Your answer should hold exactly the lines from the one with "Sherpa Full Zip" through the final line of the data below, reproduced as written.

[PROVIDED DATA]
►

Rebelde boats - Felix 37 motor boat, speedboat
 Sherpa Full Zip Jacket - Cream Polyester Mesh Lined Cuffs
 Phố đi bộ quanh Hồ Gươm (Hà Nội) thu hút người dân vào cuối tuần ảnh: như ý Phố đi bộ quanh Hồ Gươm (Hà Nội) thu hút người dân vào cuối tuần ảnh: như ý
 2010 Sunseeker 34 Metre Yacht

◄

[ANSWER SECTION]
 Sherpa Full Zip Jacket - Cream Polyester Mesh Lined Cuffs
 Phố đi bộ quanh Hồ Gươm (Hà Nội) thu hút người dân vào cuối tuần ảnh: như ý Phố đi bộ quanh Hồ Gươm (Hà Nội) thu hút người dân vào cuối tuần ảnh: như ý
 2010 Sunseeker 34 Metre Yacht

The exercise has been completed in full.